After training the model, Crossfield compared its forecasting errors to those of a naive benchmark using a set of homes not included in the model’s training set. She treated a home’s total assessed value at the time of last sale as the naive benchmark forecast. The model Crossfield built proved to be competitive with the benchmark in predicting the sale price of the homes held out of the training set. She viewed this simple model as a promising start to the forecasting effort.
After evaluating the model’s ability to predict historical sale prices, Crossfield deployed the model on all the transaction-level data in order to come up with current estimates of property values. For this purpose, she needed to update one of the predictor variables in her model. Specifically, she replaced the total assessed value from the year of the last sale with the property’s current total assessed value. With this change, she was able to deploy the model to predict current property values.

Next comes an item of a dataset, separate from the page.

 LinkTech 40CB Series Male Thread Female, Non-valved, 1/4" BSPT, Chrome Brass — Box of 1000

These predictions, which she called “current estimates,” would be comparable to Zillow’s Zestimates. See Exhibit 2 for a flow chart of the steps she followed to generate the forecast data.

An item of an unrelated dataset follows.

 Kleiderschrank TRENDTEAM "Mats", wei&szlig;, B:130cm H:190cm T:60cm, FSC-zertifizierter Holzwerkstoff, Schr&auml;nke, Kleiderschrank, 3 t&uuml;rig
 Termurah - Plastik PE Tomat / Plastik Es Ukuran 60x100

Visualization Data Preparation
To create the tool’s visualization, she planned to map each listing/property in Albemarle County and include details like current property estimate, school district boundaries, and listing price for listed homes. Before building the visualization, Crossfield tracked down some additional data, including homes on the market and shapefiles used to plot boundaries on the map.
Instead of using Zillow’s site to generate a list of homes for sale, Crossfield decided to use a specialized local site, mycaar.com, run by the Charlottesville Area Association of Realtors (CAAR). Crossfield recorded the address, listed price, and year built for a handful of homes listed on the website.14
She then used this information to join listing prices of available homes to the table that included current estimates. The only data this new table lacked were shapefiles that included information for each current parcel’s boundaries and each elementary-school district’s boundaries, in the form of a polygon for visualization.

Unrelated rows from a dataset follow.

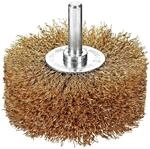 Bosch Holzstrukturb&uuml;rste vermessingt &Oslash; 80 mm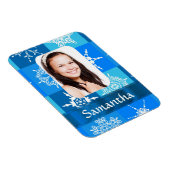 Blaue Schneeflocke Magnet (Rechte Seite)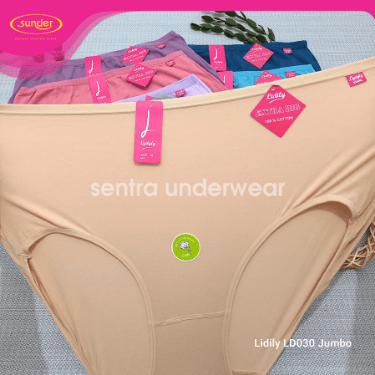 GROSIR 6biji Celana Dalam Jumbo Lydyly LD030 Cd Wanita Gemuk Ukuran XXL 4L 5L Bahan Katun Model Maxi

Conveniently, the county provided these shapefiles—one for parcels and one for the elementary-school districts.15 Because each shapefile also included a Geographic Parcel Identification Number (GPIN),16 Crossfield used this field to join both shapefiles—the parcel shapefiles and the school district shapefiles— together, and then joined these to the new table that contained current property estimates and listing information. After this final merge, Crossfield and Stiernstrand could easily create a map that would highlight the most valuable real estate listings that matched a client’s wish list, reducing the time spent searching for properties.
Exhibit 3 contains a flow chart of the steps involved in preparing the data for visualization. The data for visualization, up to but not including information from the shapefiles, were stored in a table called “tool_data.” See Exhibit 4 for this table’s file layout.
Lining Up Some Home Tours
In the coming weeks, Sabor and her family were planning to visit Charlottesville to tour available homes. Stiernstrand hoped to identify at least 12–15 homes worth touring. The Sabors’ budget for a home was somewhere in the range of $500,000 to $1.5 million. They would go to the high end of this range if they thought they had found a bargain. At the lower end, the family would have money left over to upgrade the home.
Stiernstrand saw this as the perfect opportunity to put the new DIY home-searching tool to the test. If the tool could help identify appropriate properties for the Sabors, his side project might have the potential to assist additional clients and improve his business along the way.